The 2015 Read Russia Prize for Translations into English -- Shortlist

Ah, a week of prize news! Read Russia announced, yesterday, the shortlist for the 2015 Read Russia Prize for Russian-to-English translations. The award will be presented in New York on May 29: I’m doubly looking forward to attending because Gary Saul Morson, who taught me War and Peace twice, will be the guest speaker, with the lecture, “Because Everyone Needs a Little Russian Literature.” I’m not sure which came first, the title or the Read Russia bumper sticker, but I’ll see if I can clear that up next week.  

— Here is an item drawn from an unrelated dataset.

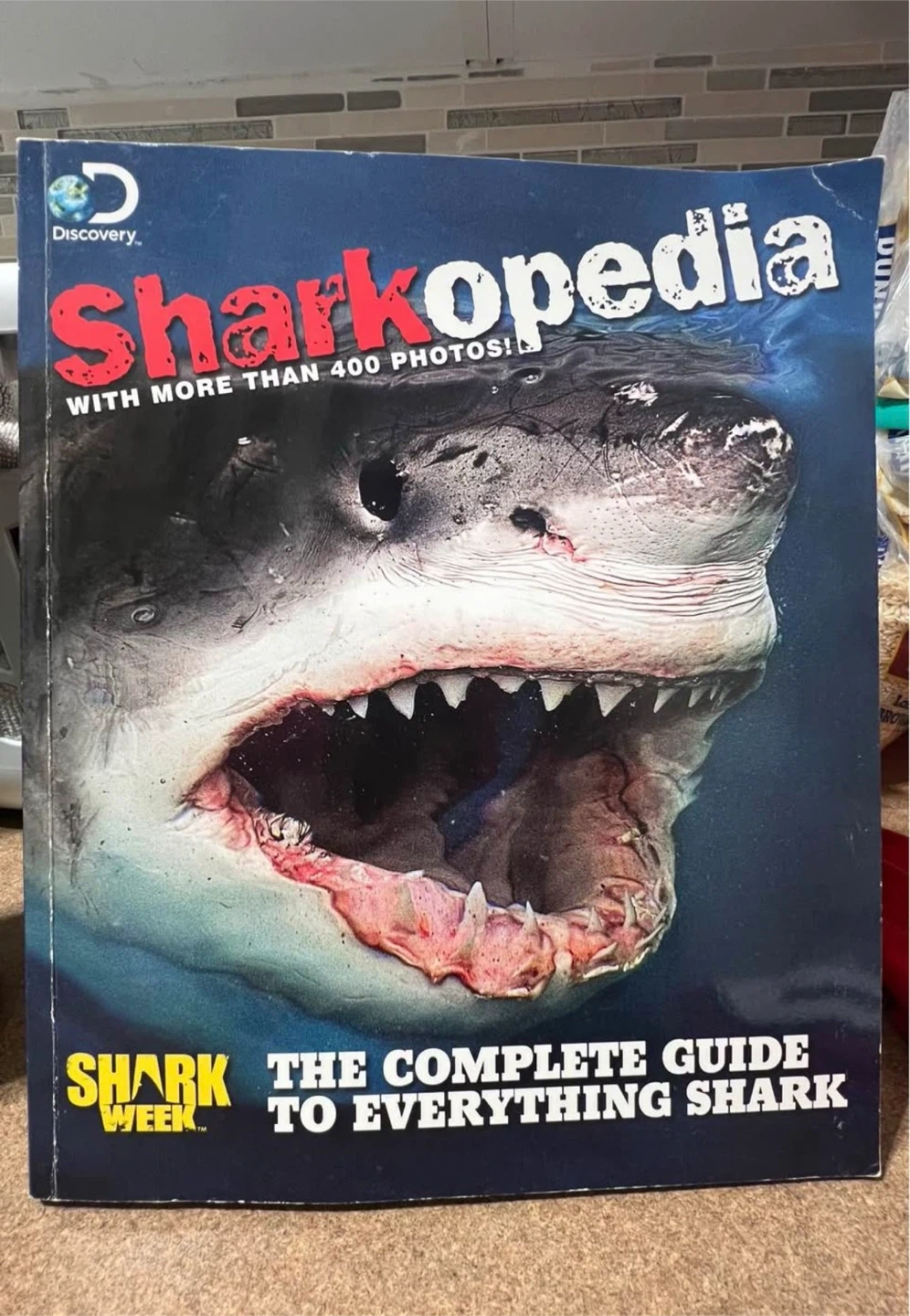 Kids’ books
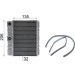 Mahle | Wärmetauscher, Innenraumheizung | AH 87 000P Mahle | Wärmetauscher, Innenraumheizung | AH 87 000P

Be that as it may, here’s the shortlist, in alphabetical order by translator. Two finalists translated Leo Tolstoy’s Anna Karenina and Oliver Ready deserves special recognition for having two books on the list, a particular achievement since one book is a classic, the other a contemporary novel. It’s a varied list all around, and the broad selection of publishers is encouraging. I’ve read two of the translations in full and both were very good. Congratulations to everyone!
  • Rosamund Bartlett’s translation of Leo Tolstoy’s Anna Karenina; Oxford University Press.
  • Peter Daniels’s translation of Vladislav Khodasevich’s Selected Poems; Overlook Press (UK: Angel Books). 
  • Katherine Dovlatov’s translation of Sergei Dovlatov’s Pushkin Hills (Заповедник); Counterpoint Press (UK: Alma Classics). Katherine Dovlatov’s translation of her father’s Pushkin Hills is lots of fun: I was glad to have it on a stuffy, delayed flight last summer. Recently out in paperback. (There’s a bit more, here.)
  • Jamie Rann’s translation of Anna Starobinets’s The Icarus Gland; Skyscraper Press.
  • Oliver Ready’s translation of Fyodor Dostoyevsky’s Crime and Punishment; Penguin UK.
  • Oliver Ready’s translation of Vladimir Sharov’s Before and During; Dedalus Books. With all its cultural references and dense monologues, I can only imagine that Before and During must have been very, very difficult to translate. (Particularly this well!) I wrote a bit about Before and During here.
  • Marian Schwartz’s translation of Leo Tolstoy’s Anna Karenina; Yale University Press.
Up Next: BookExpo America (and Read Russia Award) trip report, National Bestseller Award. And two books: Eugene Vodolazkin’s Solovyov and Larionov, which I’ll start translating this summer, and Sergei Nosov’s Член общества, или Голодное время (something like Member of the Society or A Time of Hunger), the sad-but-funny story of a man’s life after selling all his Dostoevsky.

Disclaimers: The usual, including work with Read Russia and my incredible good fortune to know most of the translators on this list.